新秩序の主役は「地域」 日米同盟一辺倒でいいのか
評者/帝京大学教授 渡邊啓貴
米国の世界的地位と影響力を相対化しつつ、世界秩序は多様なアクターによる重層的な多国間主義に向かっているとする本書は、日米同盟と米中対立の枠組みを軸とした日本の議論に一石を投じるものである。
著者は、いわゆる「米国主導のリベラル覇権秩序」が終焉を迎え、今後世界は、「別々のプロデューサーと役者たちがそれぞれのショーを同時進行させる」マルチプレックス・シアター(シネコン)のようになっていくと指摘する。
多様性を前提にさまざまな地域が自立しながら、地球レベルでの相互依存関係を持つ「複合型の世界(マルチプレックス・ワールド)」だ。直感的に同意する読者も多いだろう。イラク戦争の失敗から米国第一主義の台頭、ロシアのウクライナ侵攻まで数々の事例は、米国主導の、リベラリズムに支えられた秩序の限界を表している。
そもそも「米国主導のリベラル覇権秩序」というものがあったのか。アジア出身で米欧的価値観の絶対化を批判する著者は「リベラル覇権」そのものに懐疑的で、それは「神話」だと断ずる。
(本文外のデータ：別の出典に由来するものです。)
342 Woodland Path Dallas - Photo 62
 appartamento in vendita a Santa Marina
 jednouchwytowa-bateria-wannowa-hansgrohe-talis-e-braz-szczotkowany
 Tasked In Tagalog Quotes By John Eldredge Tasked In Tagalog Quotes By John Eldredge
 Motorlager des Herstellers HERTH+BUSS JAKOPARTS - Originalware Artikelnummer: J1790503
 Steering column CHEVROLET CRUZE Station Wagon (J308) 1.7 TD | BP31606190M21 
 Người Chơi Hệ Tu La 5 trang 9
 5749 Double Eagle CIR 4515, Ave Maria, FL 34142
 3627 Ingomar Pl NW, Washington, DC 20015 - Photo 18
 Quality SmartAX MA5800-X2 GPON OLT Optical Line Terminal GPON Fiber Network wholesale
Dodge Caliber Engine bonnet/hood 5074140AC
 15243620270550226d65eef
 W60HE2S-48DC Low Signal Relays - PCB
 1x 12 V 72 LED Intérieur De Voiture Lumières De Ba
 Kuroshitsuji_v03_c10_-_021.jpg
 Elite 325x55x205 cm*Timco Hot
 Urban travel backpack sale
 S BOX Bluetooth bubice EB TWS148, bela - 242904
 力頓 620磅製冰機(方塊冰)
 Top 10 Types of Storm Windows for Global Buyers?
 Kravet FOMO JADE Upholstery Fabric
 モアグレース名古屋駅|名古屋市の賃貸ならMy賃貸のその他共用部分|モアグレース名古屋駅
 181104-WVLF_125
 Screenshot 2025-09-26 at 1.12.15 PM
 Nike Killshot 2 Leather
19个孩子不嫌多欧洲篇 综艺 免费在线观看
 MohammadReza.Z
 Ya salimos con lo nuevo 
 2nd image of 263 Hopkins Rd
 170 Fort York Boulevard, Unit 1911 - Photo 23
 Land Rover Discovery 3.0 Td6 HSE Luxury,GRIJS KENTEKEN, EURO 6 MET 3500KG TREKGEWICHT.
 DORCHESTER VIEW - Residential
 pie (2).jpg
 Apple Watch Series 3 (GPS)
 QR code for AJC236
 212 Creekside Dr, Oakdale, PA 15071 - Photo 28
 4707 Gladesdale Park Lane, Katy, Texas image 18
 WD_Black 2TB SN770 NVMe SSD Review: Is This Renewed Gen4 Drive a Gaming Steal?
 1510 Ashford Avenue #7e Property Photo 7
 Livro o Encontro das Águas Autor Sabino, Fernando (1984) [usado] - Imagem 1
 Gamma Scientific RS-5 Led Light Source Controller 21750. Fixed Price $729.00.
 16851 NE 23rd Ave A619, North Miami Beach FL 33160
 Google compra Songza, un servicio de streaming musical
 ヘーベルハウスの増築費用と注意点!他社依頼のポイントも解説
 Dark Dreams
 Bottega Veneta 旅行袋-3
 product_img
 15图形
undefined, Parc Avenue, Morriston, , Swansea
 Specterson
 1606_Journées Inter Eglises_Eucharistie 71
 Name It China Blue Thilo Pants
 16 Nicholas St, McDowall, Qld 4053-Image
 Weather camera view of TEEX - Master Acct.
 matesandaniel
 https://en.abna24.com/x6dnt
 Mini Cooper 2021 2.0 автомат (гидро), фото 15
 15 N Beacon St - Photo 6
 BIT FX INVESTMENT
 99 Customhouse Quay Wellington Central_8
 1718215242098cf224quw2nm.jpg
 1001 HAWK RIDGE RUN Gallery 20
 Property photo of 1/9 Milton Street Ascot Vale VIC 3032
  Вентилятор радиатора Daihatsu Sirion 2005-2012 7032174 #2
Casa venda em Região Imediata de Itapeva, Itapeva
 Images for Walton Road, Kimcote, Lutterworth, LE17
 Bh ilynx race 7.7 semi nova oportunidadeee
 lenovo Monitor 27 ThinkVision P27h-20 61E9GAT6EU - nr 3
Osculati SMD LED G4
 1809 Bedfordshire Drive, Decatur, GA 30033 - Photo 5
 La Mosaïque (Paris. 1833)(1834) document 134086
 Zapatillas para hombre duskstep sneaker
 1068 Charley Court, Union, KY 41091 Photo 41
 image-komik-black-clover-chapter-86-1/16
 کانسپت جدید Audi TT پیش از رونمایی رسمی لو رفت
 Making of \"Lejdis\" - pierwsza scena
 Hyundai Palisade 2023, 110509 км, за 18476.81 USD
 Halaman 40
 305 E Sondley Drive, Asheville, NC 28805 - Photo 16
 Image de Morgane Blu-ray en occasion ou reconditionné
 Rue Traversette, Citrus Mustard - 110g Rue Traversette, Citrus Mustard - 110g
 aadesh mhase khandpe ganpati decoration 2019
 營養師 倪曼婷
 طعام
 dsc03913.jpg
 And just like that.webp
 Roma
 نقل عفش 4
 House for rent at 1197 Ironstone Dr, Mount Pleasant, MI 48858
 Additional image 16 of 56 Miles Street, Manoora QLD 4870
実際、米国的なリベラルは、厳密には米欧豪くらいにしか当てはまらない。またリベラル秩序は英米にほかの国々が同意して作られたとされるが、実際には「論争」と「強制」の結果ではなかったか。
新しい国際秩序の重要なアクターは、中国やインドも含む「新興国」あるいは「グローバル・サウス」や「第三世界」だ。著者はこうしたアクターの地域統合に期待する。経済の地域統合は世界の分断を促進するという見方に対して、著者は経済的グローバリズムの進行によって地域間交流は一層活発化すると考える。前世紀のブロック型経済とは異なる「開かれた地域主義」である。
こうした見方は評者の世界観にも近い。著者の言うマルチプレックスという概念を評者なりに言い換えると、軍事や経済関係に限らず、さまざまな領域が錯綜する複雑な相互関係に支えられた「多層化する多極世界」である(本書では地域を「極」として見ない)。著者は国家主権の弱い結びつきを前提とする、論争でも強制でもない、アジア的合意形成に期待を寄せている。
米国的リベラル世界に対する著者の悲観論の底流にはアジア的価値観が垣間見られ、その価値観に根差す多国間主義や非国家的要素への楽観的見方には賛否があるだろう。ただ、簡潔で読みやすい翻訳を通して、納得感を得る読者も多いのではないだろうか。